И никакого смущения по поводу того, что христианство -
монотеистическая религия, это факт общеизвестный, так что Высоцкий не мог
под "богами" понимать Христа76.
Несколько раз столкнувшись с подобными пассажами, я не поленилась
поинтересоваться публикациями авторов в области их основных научных
интересов. Как неспециалист, я, естественно, не могла оценить степень
научной новизны работ, но логичность изложения, отсутствие спешки,
конкретность тезисов, доказательства - это уж точно в них присутствовало.

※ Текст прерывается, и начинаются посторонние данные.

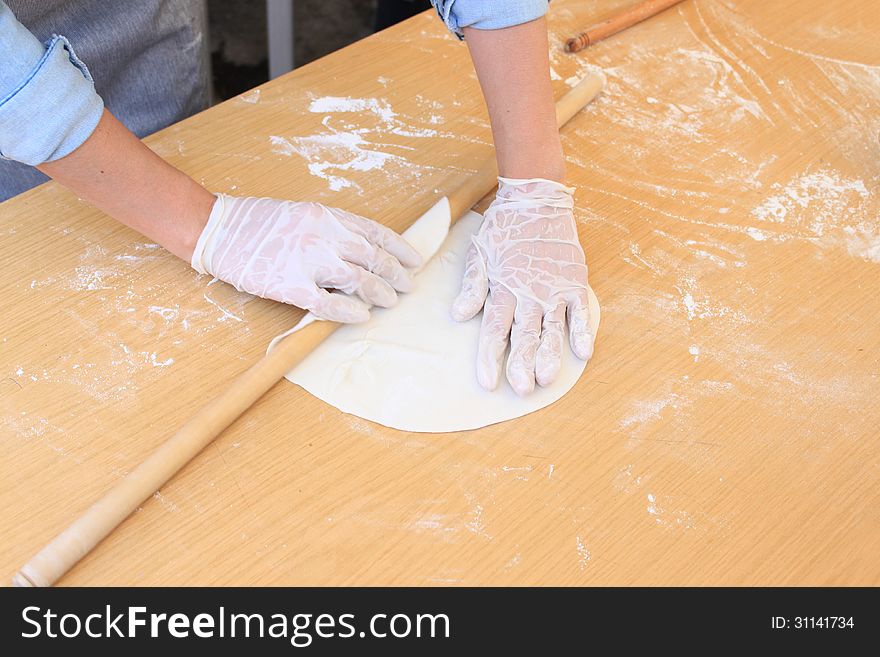 Woman's hands kneading dough with rolling pin for pie. Woman's hands kneading dough with rolling pin for pie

В большинстве работ, посвященных Высоцкому, очевидны не только
вышеназванные негативные качества, но также искренняя увлеченность
предметом: всех нас поголовно нельзя заподозрить в равнодушии к Высоцкому, а
значит, в халтуре, - мы в основном пишем о ВВ потому, что нам это
интересно77. Вот и остается предположить, что все дело - в недостатке
времени.
Второй вывод, который я для себя сделала: высоцковедение уже есть, а
высоцковедов пока нет.
* * *
Теперь подойдем к вопросу с другого конца. Мой коллега делит всех
исследователей Высоцкого на несколько групп. Я тоже считаю, что мы не
однородны. Только деление у меня иное. Понятно, что литературоведам
сподручнее, чем лингвистам, витать в облаках собственных фантазий: у
лингвистов для этого предмет неподходящий, потому что конкретный, "земной" -
язык. Это привязывает к тексту прочнее, чем поэтический образ. По той или
иной причине, но литературоведческая часть высоцковедения, на мой взгляд,
ощутимо проигрывает в своем качестве лингвистической, слишком часто
отрывается от предмета исследования - текста ВВ.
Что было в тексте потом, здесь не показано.